Masih segar diingatan kita, dalam pelaksanaan Haji tahun 2023 terjadinya insiden muzdalifah di mana ribuan jamaah merana dan sengsara karena terpanggang terik matahari berjam-jam-jam dari pagi hingga siang hari sehingga menyebabkan sejumlah jamaah meninggal. Peristiwa ini menjadi perhatian khusus dari panitia haji Indonesia dalam pelaksanaan haji tahun 2024 ini supaya tidak kembali terulang. Ketua Komnas Haji dan Umrah, Mustolih Siradj, berharap insiden Muzdalifah tahun lalu tidak terulang pada penyelenggaraan haji tahun ini. Ia menyoroti pentingnya perhatian khusus terhadap prosesi mabit di Muzdalifah sebagai rangkaian puncak haji supaya berjalan dengan baik. Pemerintah harus memiliki sikap tegas dan zero tolerance terhadap perusahaan penyedia layanan transportasi di Arab Saudi. Hal ini untuk mencegah terulangnya tragedi serupa di muzdalifah dan tempat-tempat krusial lainnya.
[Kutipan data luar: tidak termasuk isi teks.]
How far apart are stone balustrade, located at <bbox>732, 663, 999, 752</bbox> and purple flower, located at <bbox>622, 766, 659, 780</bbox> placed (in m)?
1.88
Berkaca kepada pelaksanaan haji tahun lalu, tahun ini Kemenag telah menyiapkan skema baru untuk prosesi mabit di muzdalifah dalam bentuk murur (mabit di bus) dan tanazul (kembali ke hotel) saat di Mina untuk sebahagian jamaah haji Indonesia. Skema ini diterapkan mengingat jumlah jamaah haji tahun ini mencapai 241.000 jamaah, sedangkan space area Muzdalifah dan Mina tidak bertambah. Maka dikhawatirkan akan terjadi over load jamaah di dua tempat tersebut dan berpotensi terjadinya bahaya bagi para jamaah.
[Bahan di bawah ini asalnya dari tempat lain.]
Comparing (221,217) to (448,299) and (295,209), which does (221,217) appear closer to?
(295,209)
Merespon skema yang diusulkan Kemenag tersebut, PBNU melalui Lajnah Bahsul Masail telah membahas hukum murur di Muzdalifah dan tanazul di Mina. Pada prinsipnya kedua hal tersebut dapat diterapkan dalam pelaksanaan haji jika bertujuan untuk menghindari bahaya dan mudharat bagi para jamaah. Syariat Islam membolehkan merubah bentuk suatu ibadah jika ada keāuzuran. Syariat Islam tidak membebankan umatnya melakukan sesuatu di luar kemampuan mereka, karena itu ada berbagai keringanan (rukhsah) dalam pelaksanaan ibadah, termasuk haji.